Penmean Head is a crag that thousands of climbers every year will have driven passed, probbaly think that looks like a pile of overgrown choss. However on closer inspection no all the rock has the look of what you see from the road. It took a team of locals several months of jungle clearence, cleaning, bolting and finally climbing to develop this crag.

Whilst many of the routes are possible best left to the locals, and certain limestone jenga towers avoided there are a handful of really good routes at this crag. I had almost forgotten about it after the gold rush nearly two years ago when everyone was there. At present there is still no guidebook to the area, however the deevlopment team are planning an A55 corridor guide. It was part of that reason that made me remember that I had taken some notes and photos when I went there.

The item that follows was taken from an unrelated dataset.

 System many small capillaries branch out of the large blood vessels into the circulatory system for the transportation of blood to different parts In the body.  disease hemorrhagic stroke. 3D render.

Richie Pullen of Flowstone Shuffle F6b+***

At about four minutes from the A55, and a mere 30 seconds down hill from the car this crag is an excellent option if you have escape the weather in the mountains and are heading home early only to find the rain shadow around llandudno shining on you. I have provided topos for the best routes, as well as three not so good ones, they were however all that I climbed when I went there. There are in excess of 40 sports routes here now so a bit of investigation might well yeild some other ‘classic’ lines. What i offer is a taster.

Whilst the hardcore climber are raping the Diamond of all its projects, this crag is more sedate, and despite the proximity of the A55, you can barely hear it. What this crag offer at this time of year is the milder coastal weather. So perhaps it is time you got there or reacquainted yourself with the venue. It is even reasonably accessible to those people in Manchester, Chester and Liverpool

Unknown Climber on Go with the Flow F6a***

Getting there: Drive along the A55 and take the turning into Old Colwyn (North Wales Police HQ). Turn left at mini roundabout by the Police HQ along the old high street. The shops soon run out and you enter a wide road lined with residential building and hotels. An obvious fork off rights leads up towards Castle Inn, don’t turn off carrying up the hill for approximately 1/2 mile. At the top of the hill is a new estate and large layby with a public footpath marked down some steps. Park up and take these steps down to the crag which is immediately on your right.


1. Steak Slice F5 (needed a wire at the top a year ago). 2. Another One Bites the Dust F6c (hideous groundfall potential a year ago). 3. Scared Shipless F6a+ (again rather run out a year ago) NB These route may well have addition bolts and therefore nicer/safer now


4. Helyg Crack F6a(+?) ** 5. Flashenburste Crack F6a(+?)*


6. Flowstone Shuffle F6b+ *** 7. Go with the Flow F6a ***.